Senelerce çeşitli kurumların başkanlığını yapmış, bir mentor olarak yönetim kurullarında bulunmuş, bazı kulüplerin kuruluşlarında yer almış Rifat Ağabey’den tam on senedir süren tanışıklığımızdan ne kadar çok şey öğrendim. Kal de Los Frankos’u gerçekten bambaşka bir yere götürdü. Sık sık çıktığımız yemeklerde bana tecrübelerini aktarırken bir yandan da can kulağıyla benim geçtiğim yolları, sevinçlerimi, zorluklarımı, başardıklarımı dinlerdi. O bilge haliyle fazla yorum yapmaz, beni yıldırmak istemeyen dikkatiyle endişesinden doğan uyarılarını yapardı. “Sende bu güç varken bak nerelere geleceksin, Cemaate de çok katkın olacak” derdi. O güçlü elini her zaman arkamda hissettim. On senede birçok konser ve etkinlik gerçekleştirdik birlikte. COVID zamanında iki defa Amerika’ya çevrimiçi ev sahipliği yaptık. Birçok etkinlikte benden yazı yazmamı da isterdi. Rıfat Ağabeyin her isteği emirdi benim için, zevkle, şevkle yaptım.

Sevgili Rifat Ağabey, her ölüm erken ölümdür. Sen de benim için çok erken gittin. Giderken bana olan vasiyetini başımın üzerinde taşıyacağım. İlişkilerimizi hiç hissettirmeden ördüğün harika bir aile bıraktın bana… Beni en mutlu eden şeyin samimi bir aile sıcaklığı olduğunu kalbinden bilerek. Bir süredir özellikle Alain’in getirdiği projeleri yaparken bizi izledin, ihtiyacımız olduğunda elini verdin. Şimdi onlar benim ailem oldu.

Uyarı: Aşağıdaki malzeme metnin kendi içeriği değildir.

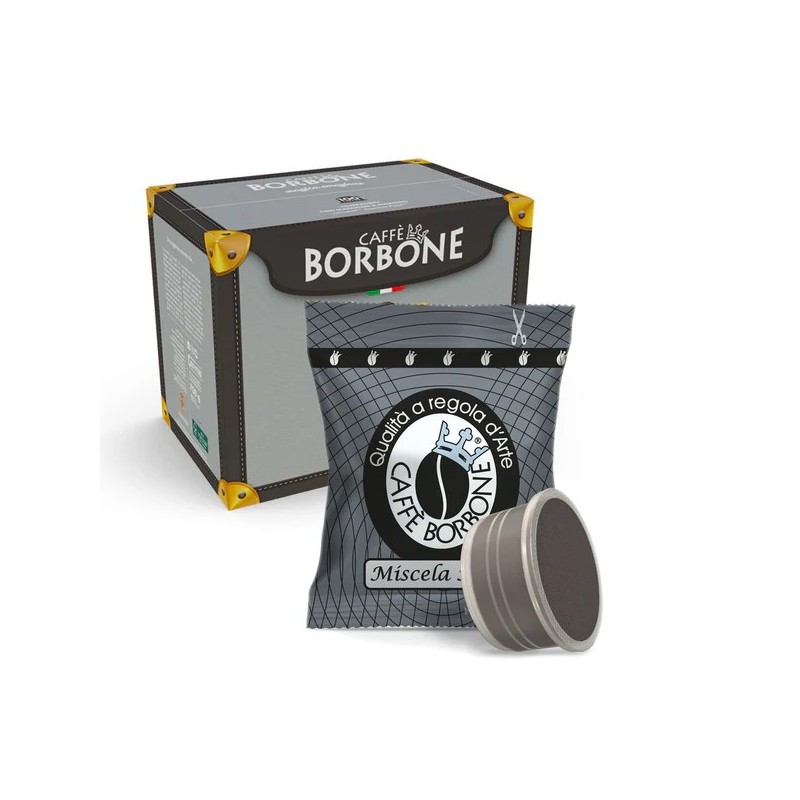 CAFÉ BORBONE 100 CAPSULES COMPATIBLES LAVAZZA POINT MÉLANGE NOIR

Gittiğin yerde rahat uyu demeye bile dilim varmıyor henüz. En büyük tesellim çok sevdiğin, bana keyif ve büyük bir özlemle anlattığın Marta’cığına kavuşmuş olman. Bize her zaman oradan da ışığını aktaracağını biliyorum. Aktardıklarınla, ilkelerinle seni her zaman yaşatacağız. Müstesna kişiliğini bir parça bile yansıtabilirsek ne mutlu bize.